TASK REQUIREMENTS:
Please output all of the entries exactly and omit any images they hold.
■ ■ ■ ■
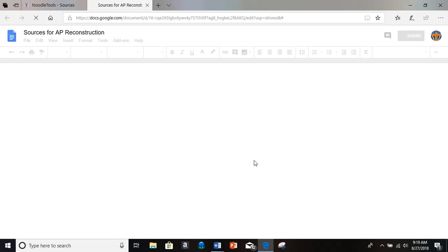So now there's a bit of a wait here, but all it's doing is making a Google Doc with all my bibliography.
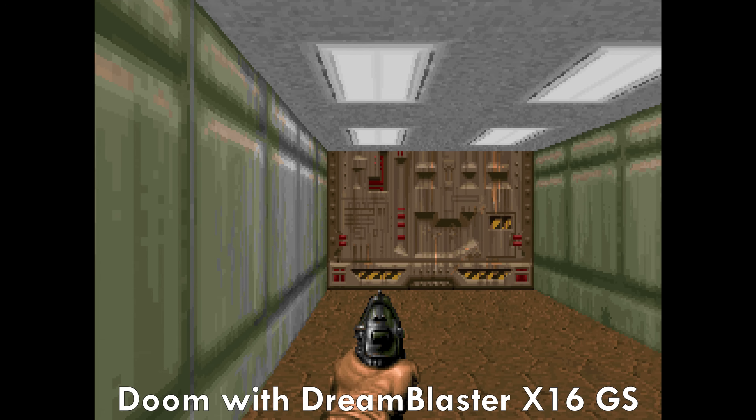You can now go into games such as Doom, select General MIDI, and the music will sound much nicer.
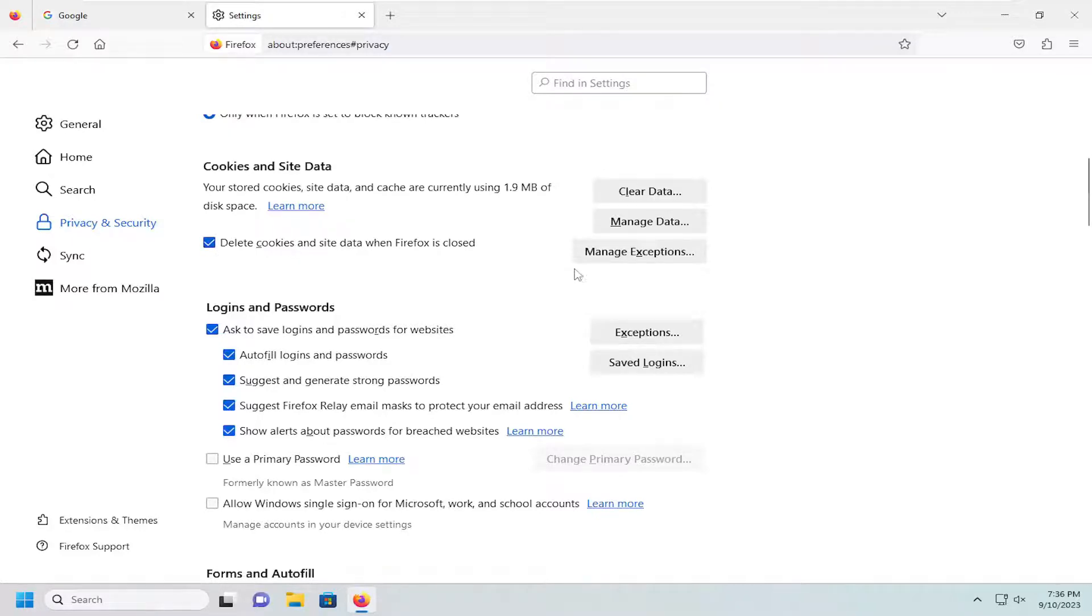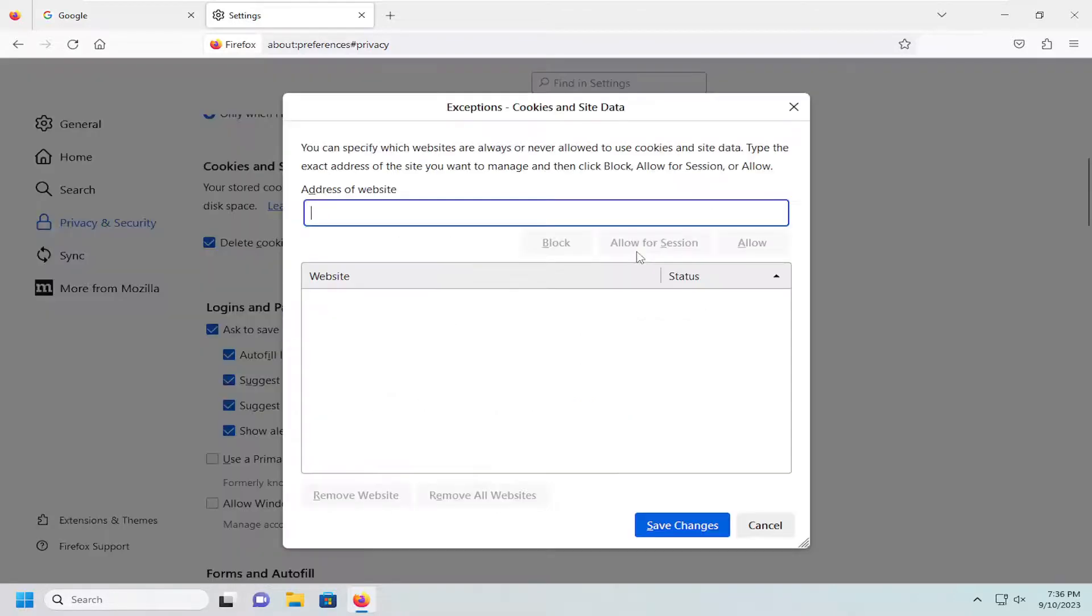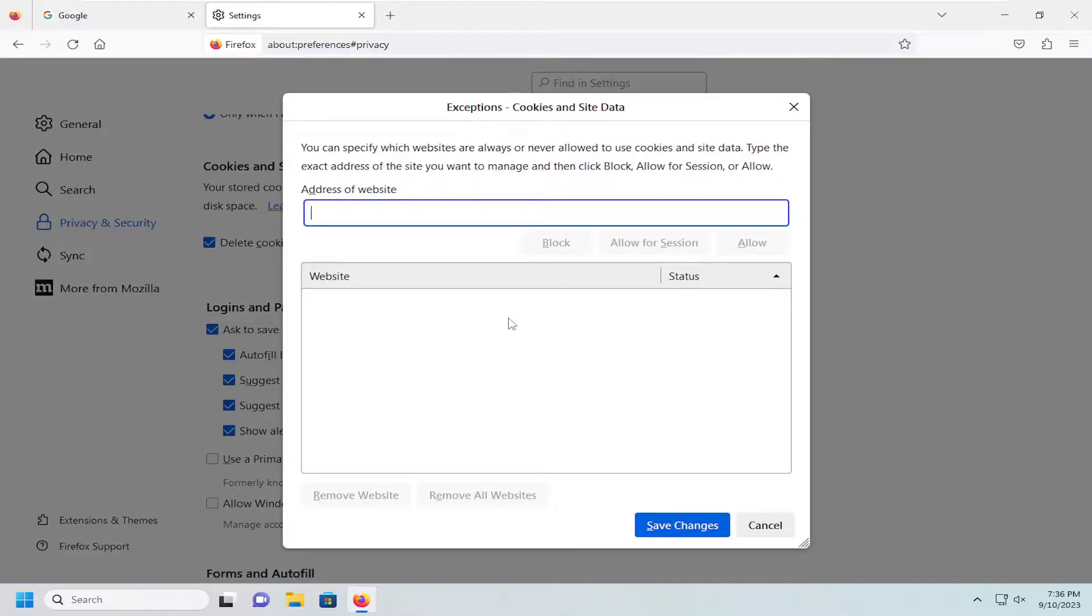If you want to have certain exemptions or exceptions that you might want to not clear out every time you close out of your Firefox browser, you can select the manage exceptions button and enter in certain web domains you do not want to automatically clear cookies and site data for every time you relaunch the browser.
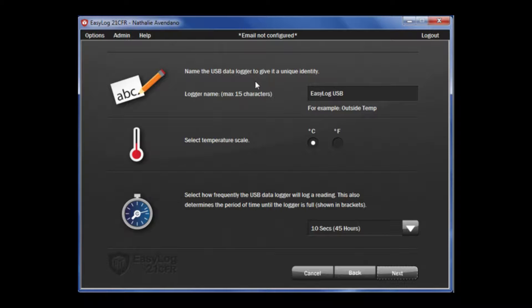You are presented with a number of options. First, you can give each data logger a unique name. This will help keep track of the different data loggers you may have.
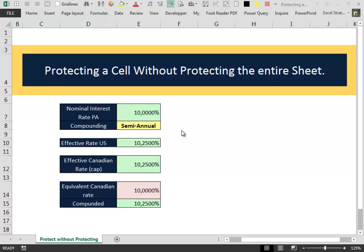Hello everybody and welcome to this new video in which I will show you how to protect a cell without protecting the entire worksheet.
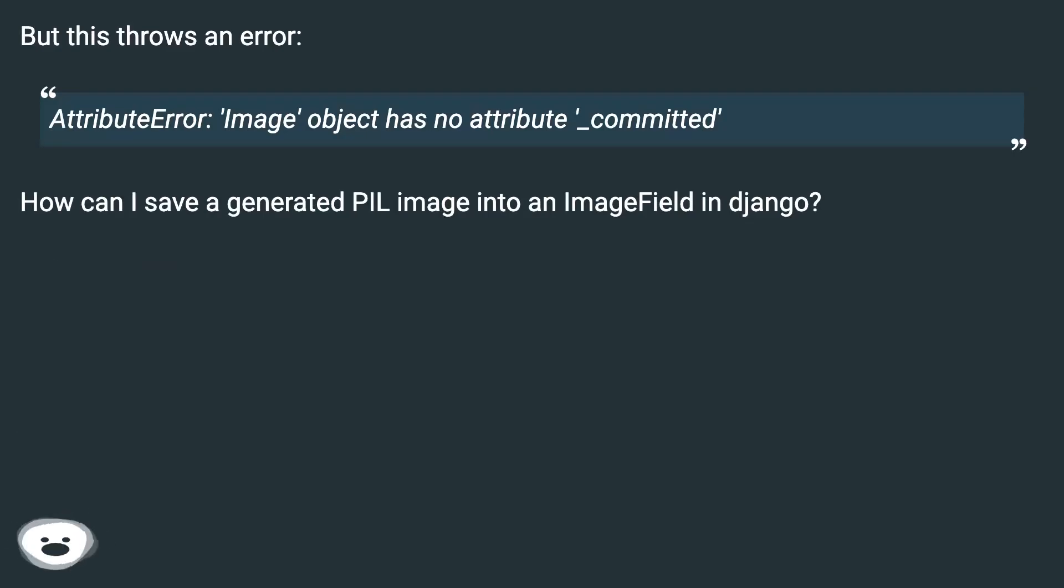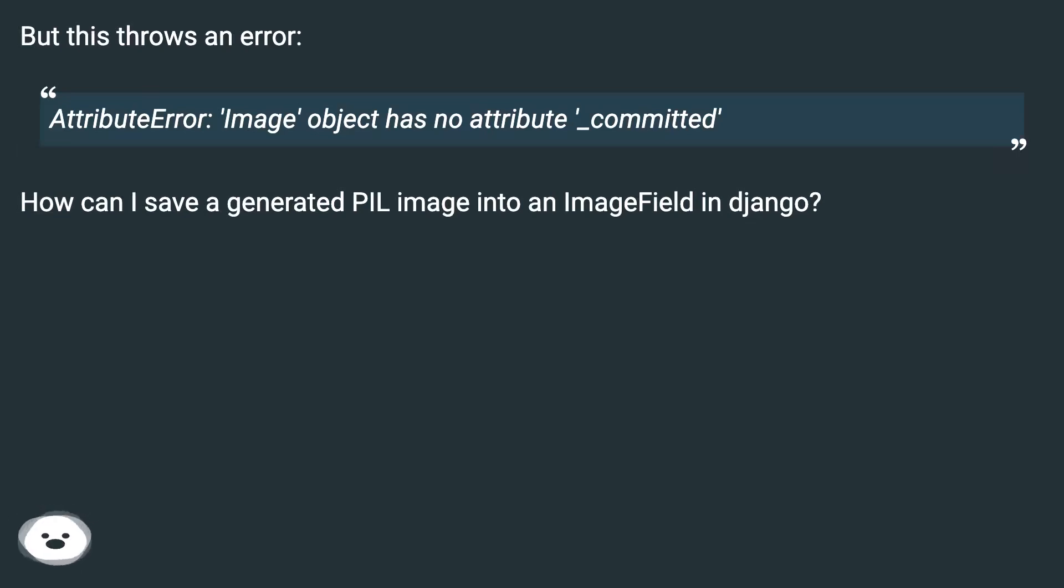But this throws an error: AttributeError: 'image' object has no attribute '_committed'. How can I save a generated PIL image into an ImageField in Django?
■ ■ ■ ■
FINISHED EXERCISE:
So now there's a bit of a wait here, but all it's doing is making a Google Doc with all my bibliography.
You can now go into games such as Doom, select General MIDI, and the music will sound much nicer.
If you want to have certain exemptions or exceptions that you might want to not clear out every time you close out of your Firefox browser, you can select the manage exceptions button and enter in certain web domains you do not want to automatically clear cookies and site data for every time you relaunch the browser.
You are presented with a number of options. First, you can give each data logger a unique name. This will help keep track of the different data loggers you may have.
Hello everybody and welcome to this new video in which I will show you how to protect a cell without protecting the entire worksheet.
But this throws an error: AttributeError: 'image' object has no attribute '_committed'. How can I save a generated PIL image into an ImageField in Django?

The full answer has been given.